● **Your instructions**
Under this line are the records; repeat exactly the lines starting at the one containing "Ночной прилив (Night" and ending at the one containing "Black Metal Dairy", omitting pictures.

--- Material for this exercise Enclosed Below ---

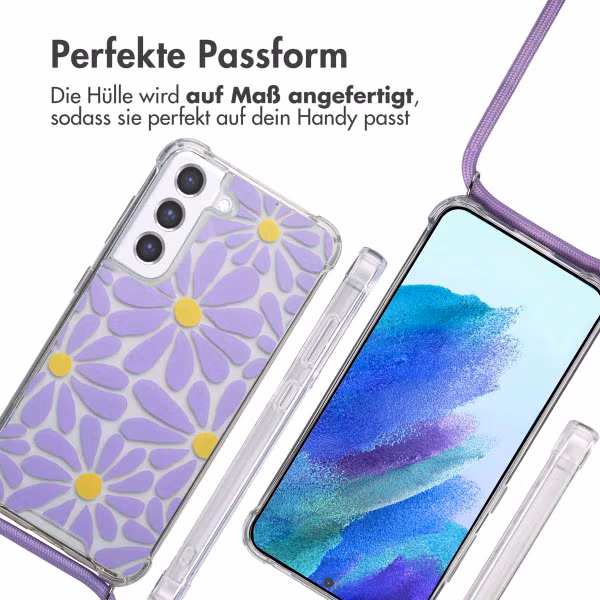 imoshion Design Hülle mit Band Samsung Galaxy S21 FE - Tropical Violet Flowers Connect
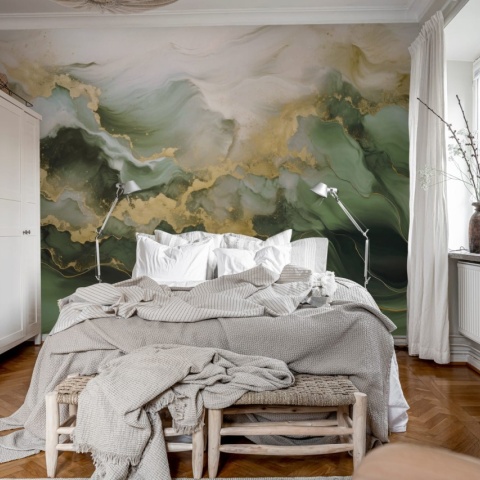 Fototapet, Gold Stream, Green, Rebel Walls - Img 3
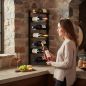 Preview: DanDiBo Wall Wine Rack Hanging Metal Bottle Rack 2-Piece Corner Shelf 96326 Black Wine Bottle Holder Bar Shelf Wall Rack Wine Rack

--- End of Enclosed Material for this exercise ---
--- Material for this exercise Enclosed Below ---

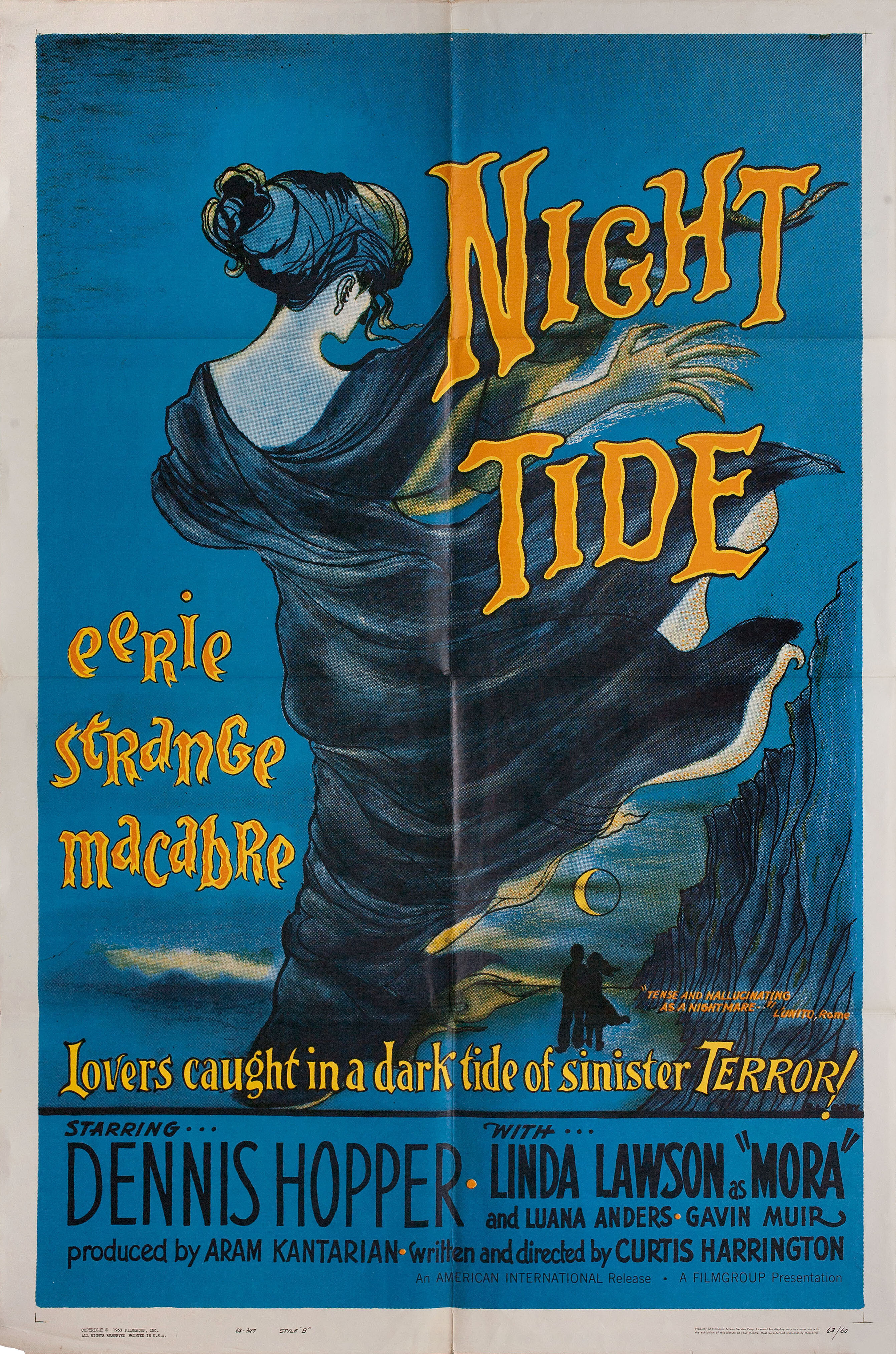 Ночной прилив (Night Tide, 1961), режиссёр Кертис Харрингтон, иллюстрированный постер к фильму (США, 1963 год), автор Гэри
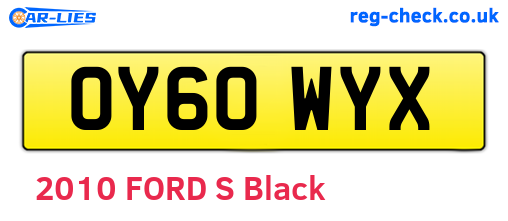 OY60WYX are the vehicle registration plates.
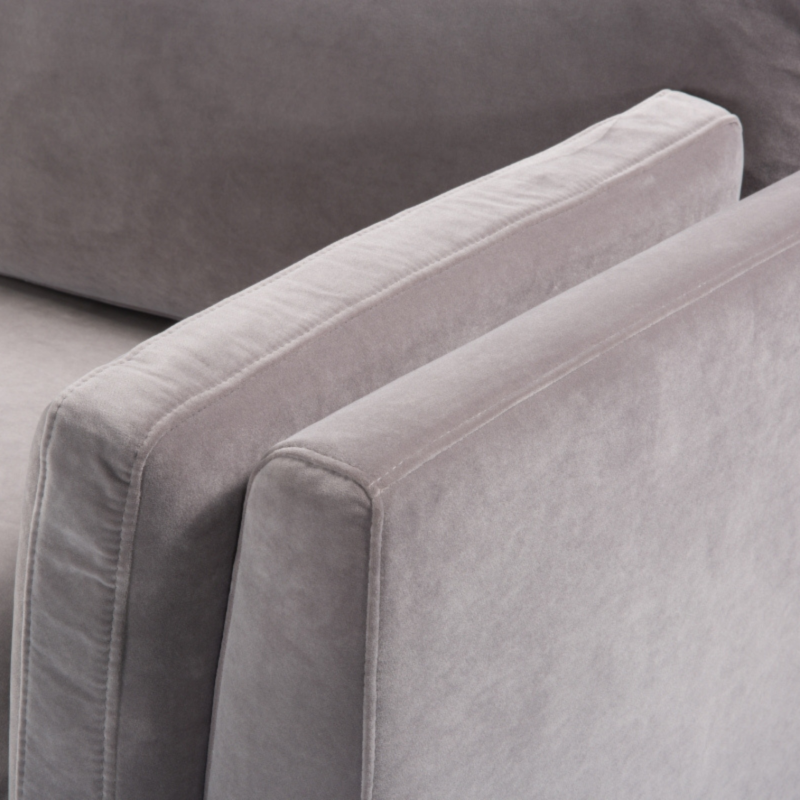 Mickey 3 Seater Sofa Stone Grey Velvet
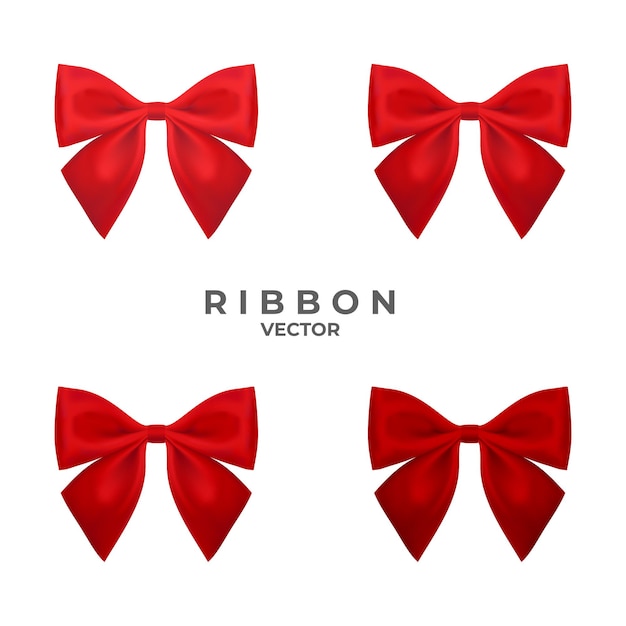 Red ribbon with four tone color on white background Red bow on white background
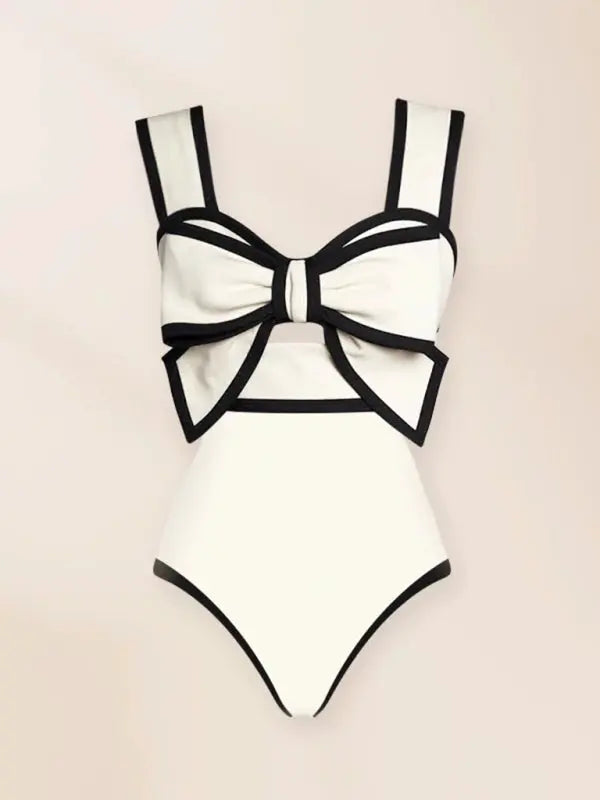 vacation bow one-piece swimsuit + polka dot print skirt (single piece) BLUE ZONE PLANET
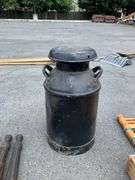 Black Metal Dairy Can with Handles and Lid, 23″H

--- End of Enclosed Material for this exercise ---
--- Material for this exercise Enclosed Below ---

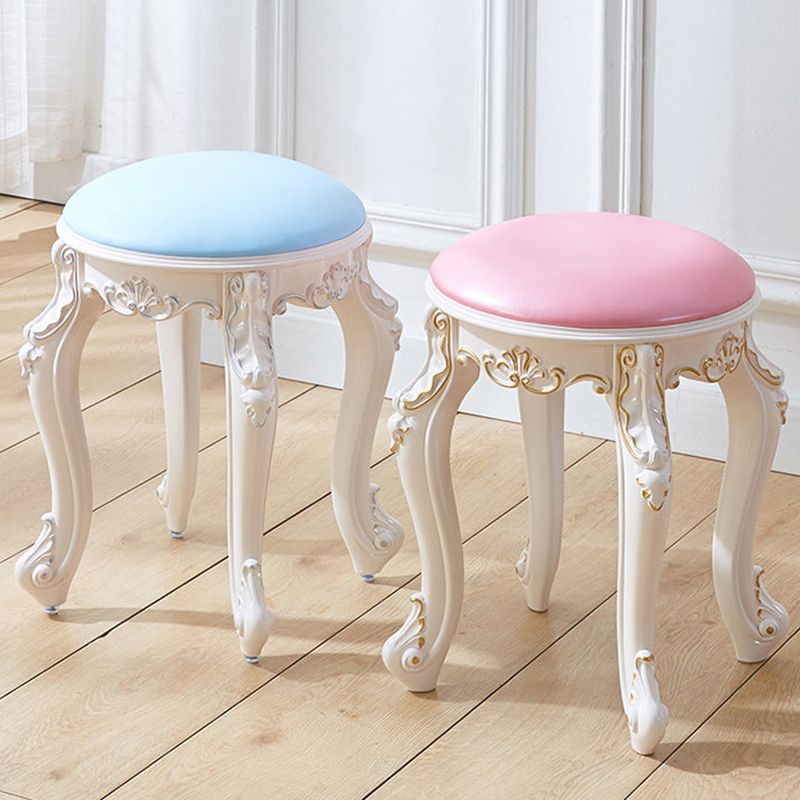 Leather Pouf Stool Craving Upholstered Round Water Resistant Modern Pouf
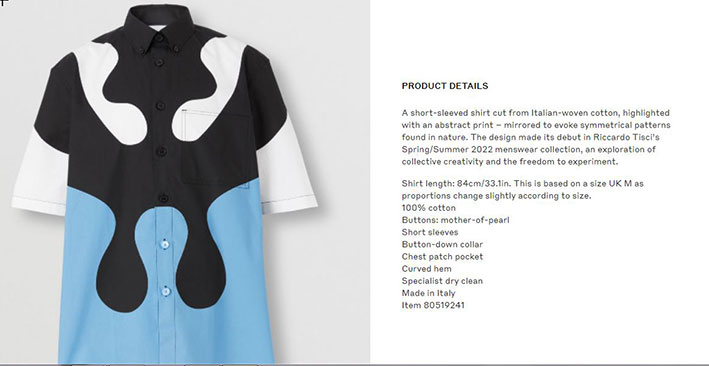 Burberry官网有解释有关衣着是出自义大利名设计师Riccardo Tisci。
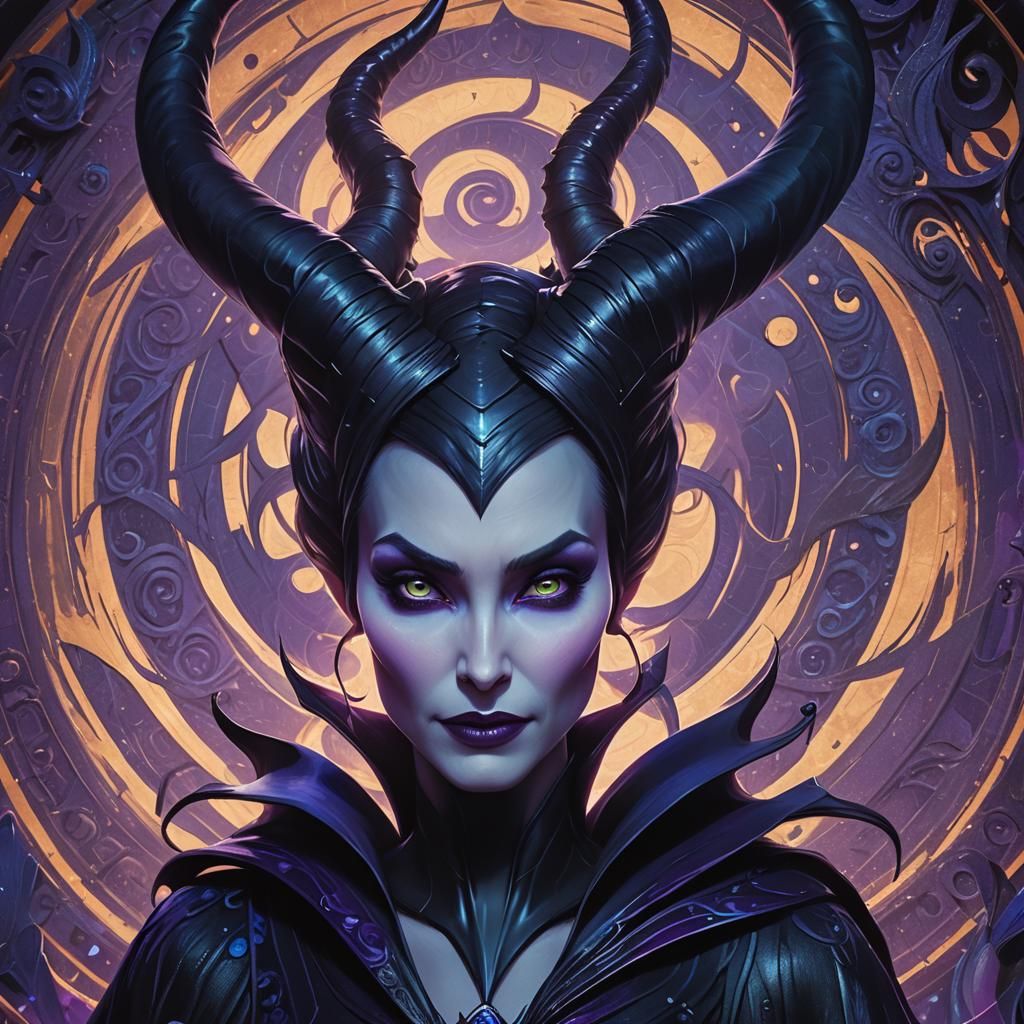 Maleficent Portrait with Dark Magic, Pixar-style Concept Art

--- End of Enclosed Material for this exercise ---

● **Solved problem**
 Ночной прилив (Night Tide, 1961), режиссёр Кертис Харрингтон, иллюстрированный постер к фильму (США, 1963 год), автор Гэри
 OY60WYX are the vehicle registration plates.
 Mickey 3 Seater Sofa Stone Grey Velvet
 Red ribbon with four tone color on white background Red bow on white background
 vacation bow one-piece swimsuit + polka dot print skirt (single piece) BLUE ZONE PLANET
 Black Metal Dairy Can with Handles and Lid, 23″H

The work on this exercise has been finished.